Но и в древнем мире было развитие. Сменявшие друг друга иноплеменные завоеватели приносили с собой новых богов и новые обычаи. И хотя закрепощенные крестьянские общины, сохранявшие свои традиции, мало чувствовали эти изменения, со временем ослабевала даже вера в божественную справедливость. В вавилонской литературе мы находим уже пессимистические мотивы, мучительные сомнения, пришедшие оттуда на страницы Библии:
«Я призывал моего бога, но он не показал мне своего лица,
Я молился своей богине, но она даже не подняла головы».
Невольно вспоминается первое предчувствие атеизма:
«И сказал неразумный в сердце своем: нет бога».
В той же вавилонской литературе пессимизм соединяется уже с гневным раздражением против общественного порядка. В так называемом «Разговоре господина с рабом» разочарованный в жизни господин докучает рабу своими требованиями, на что раб отвечает стереотипной угодливостью. Но в конце концов на вопрос господина «Теперь, что же хорошо?» раб говорит с дерзкой насмешкой: «Сломать шею мою и твою и кинуть в реку, это хорошо. Кто столь высок, чтобы взойти на небо, и кто столь велик, чтобы заполнить землю?».
Это та самая «реакция на социальную несправедливость», которую мы ищем в истории – и находим повсюду. В Библии эта реакция пробивается через все заповеди религии: вспомним, как пророк Самуил объяснял евреям, что такое царская власть.
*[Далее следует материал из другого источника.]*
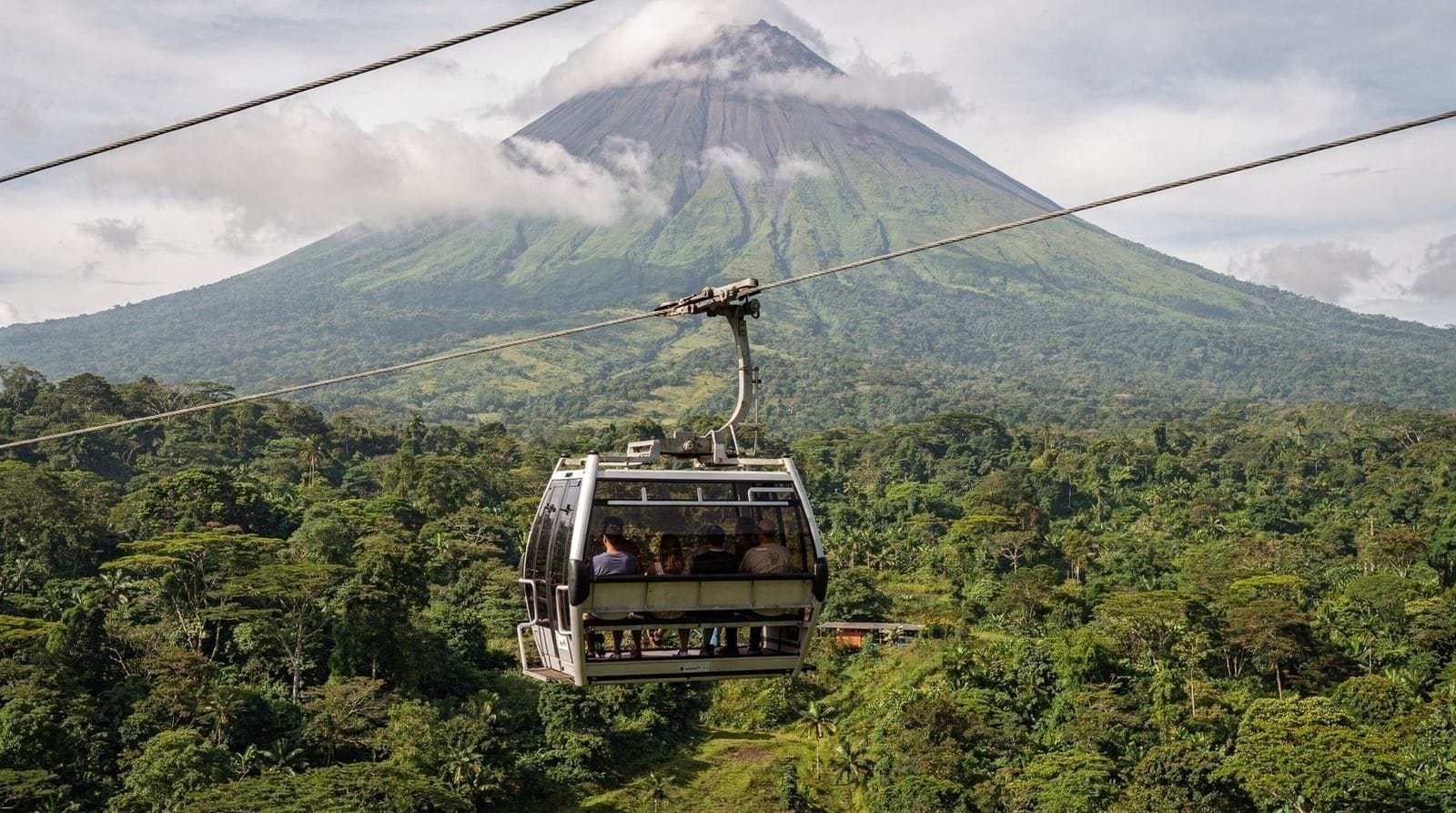 Sky Adventures Arenal: puentes, tranvía y tirolina sobre La Fortuna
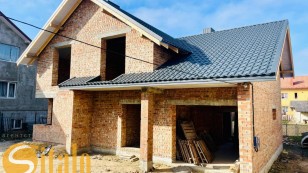 Двоповерховий будинок  Крихівці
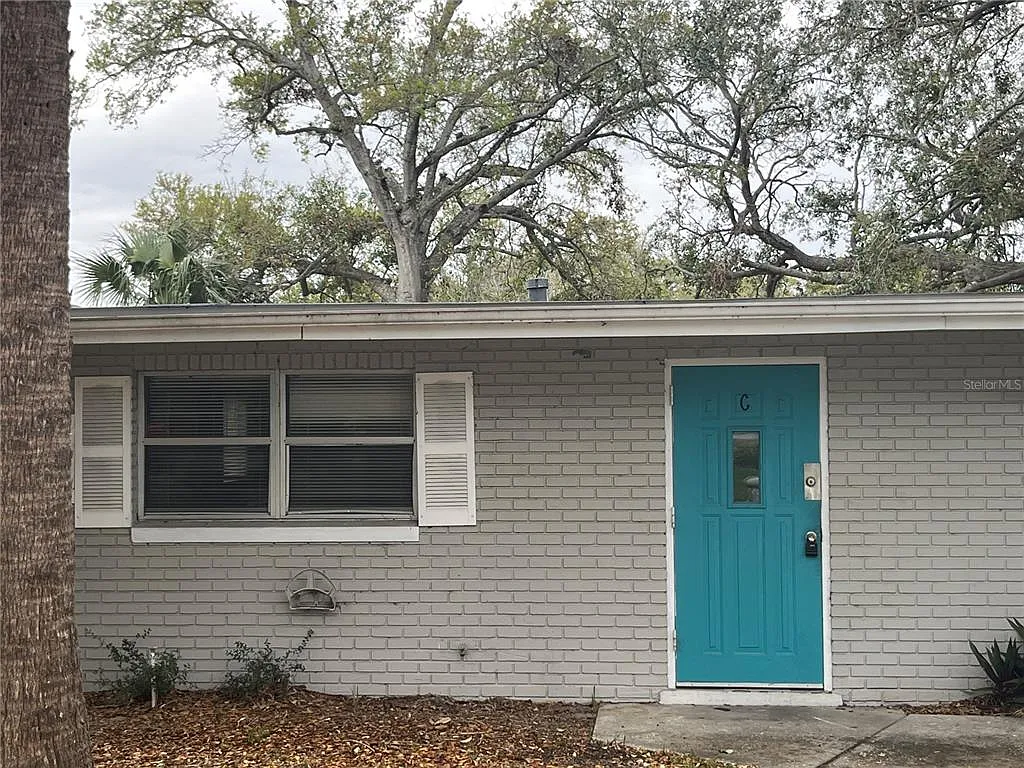 2 bed, 1.0 bath, 644 sqft, $945 — Photo 1
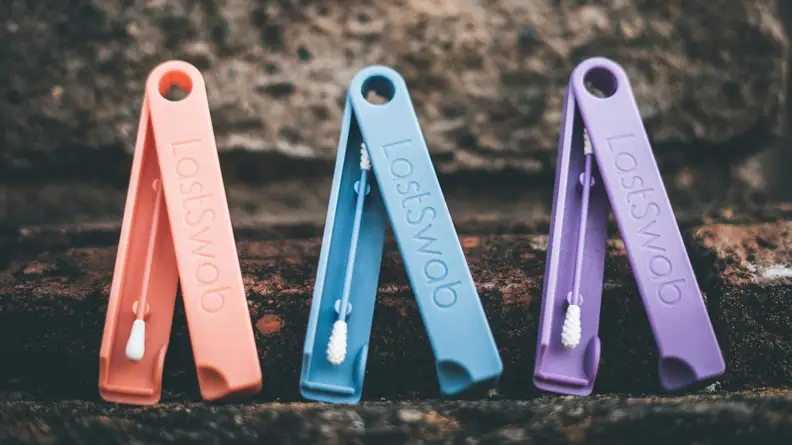 Several reusable sawbs.
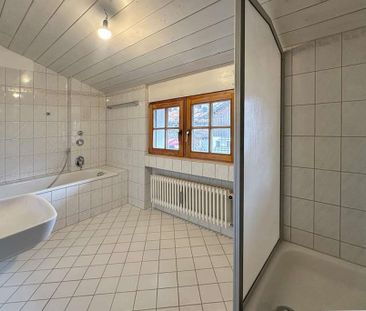 DG-Wohnung in charmantem Zweifamilienhaus - Foto 2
Самым внушительным воплощением восточного деспотизма было, конечно, царство фараонов в Египте. Эта страна, защищенная от внешнего мира пустынями и морем, очень мало меняла свой образ жизни в течение почти трех тысяч лет. Неподвижность и эгоцентрическую замкнутость этой цивилизации можно сопоставить только с историей Китая, далеко не столь древней. Древнее царство (3000 – 2400 годы до н.э.), время сооружения пирамид, стало символом абсолютной власти одного человека над покорным народом. В то время Египет не опасался внешних врагов и не очень интересовался внешним миром. Ежегодные разливы Нила, регулярные, как часовой механизм, удобряли его землю плодородным илом, а щедрое солнце, при почти безоблачном небе, доставляло богатый урожай. Все это приписывалось воле богов и заслугам фараона, который считался живым богом. Фараоны и жрецы решали, какие события заслуживают увековечения, и составленные ими сообщения гравировались на камне «священными» иероглифами, сохранявшими свою «рисуночную» форму. Чтобы вычеканить полный титул фараона, бригада опытных мастеров должна была работать в течение недели.